Most efficient way to find pattern in byte array

Question

I have this following code:

var file = //Memory stream with a file in it
var bytes = file.ToArray();

I need to search the bytes for the first occurrence (if any) of the specified byte sequence: 0xff, 0xd8. (The purpose of this is to find images embedded in files)

So if for example bytes[6501] contains 0xff and bytes[6502] contains 0xd8, thats a match and I need either the index of the position returned (6501), or a new array, which is a copy of the bytes array, except it doesn't have the keys below 6501 from the old array.

My current solution is to loop:

 for (var index = 0; index < bytes.Length; index++)
 {
     if((new byte[] {0xff, 0xd8}).SequenceEqual(bytes.Skip(index).Take(2))
    ...

But it's pretty slow when it's handling bigger files.

Is there some more efficient way to handle this?

One very minor thing - why create a new byte[] in each iteration of the loop? — Daniel Kelley
– Daniel Kelley, Commented Aug 20, 2014 at 9:06
I'm not, I actually create it before the loop and in the loop itself I only use a variable to refer to it, i just didn't wanted the code example to be too complicated. — Fred
– Fred, Commented Aug 20, 2014 at 9:08
You could try implementing a Boyer-Moore search algorithm.

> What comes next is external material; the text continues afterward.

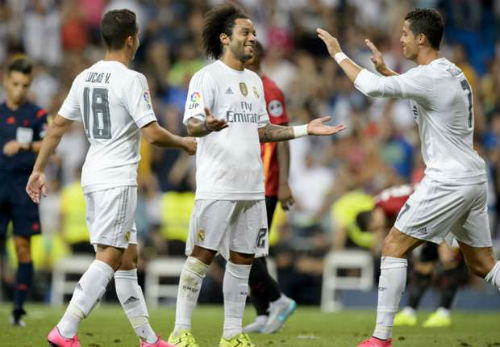 Gijon - Real: Ronaldo, Bale phải bùng nổ - 1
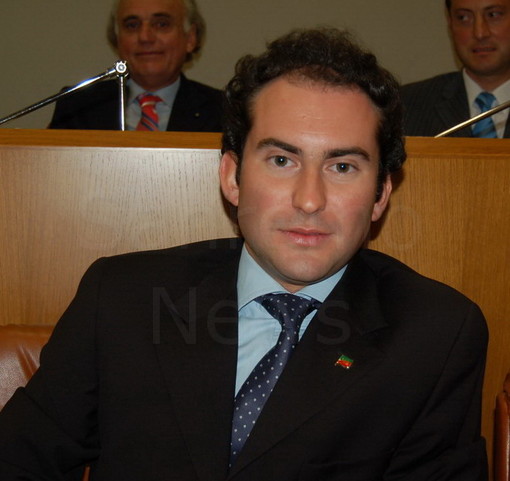 Ventimiglia: dimissioni di Filippo Bistolfi, la solidarietà dei giovani del Pdl Ventimiglia: dimissioni di Filippo Bistolfi, la solidarietà dei giovani del Pdl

Here is a C# implementation for strings which you could use as a guide. — PaddyD
– PaddyD, Commented Aug 20, 2014 at 9:14
How much is your RAM used up when processing big files? Have you considered only processing chunks of limited size? — DMAN
– DMAN, Commented Aug 20, 2014 at 9:14
@Dman: Not much, those files are only couple of megabytes big (usually 2 - 10MB) so the RAM doesn't get eaten up much. — Fred
– Fred, Commented Aug 20, 2014 at 9:18

Cygon · Accepted Answer · 2019-10-03 19:15:56Z

13

If this is time-critical code, I found the C# compiler (both Mono's implementation and Microsoft's) to have special logic to optimize simple scan loops.

So from profiling experience, I'd implement a sequence search with a hardcoded first-element search like this:

/// <summary>Looks for the next occurrence of a sequence in a byte array</summary>
/// <param name="array">Array that will be scanned</param>
/// <param name="start">Index in the array at which scanning will begin</param>
/// <param name="sequence">Sequence the array will be scanned for</param>
/// <returns>
///   The index of the next occurrence of the sequence of -1 if not found
/// </returns>
private static int findSequence(byte[] array, int start, byte[] sequence) {
  int end = array.Length - sequence.Length; // past here no match is possible
  byte firstByte = sequence[0]; // cached to tell compiler there's no aliasing

  while(start <= end) {
    // scan for first byte only. compiler-friendly.
    if(array[start] == firstByte) {
      // scan for rest of sequence
      for (int offset = 1;; ++offset) {
        if(offset == sequence.Length) { // full sequence matched?
          return start;
        } else if(array[start + offset] != sequence[offset]) {
          break;
        }
      }
    }
    ++start;
  }

  // end of array reached without match
  return -1;
}

Quite a bit longer than other suggestions and prone to off-by-1 errors, but if you're scanning a huge chunk of data or doing this for frequent device IO, this setup will avoid feeding the garbage collector and optimize very well.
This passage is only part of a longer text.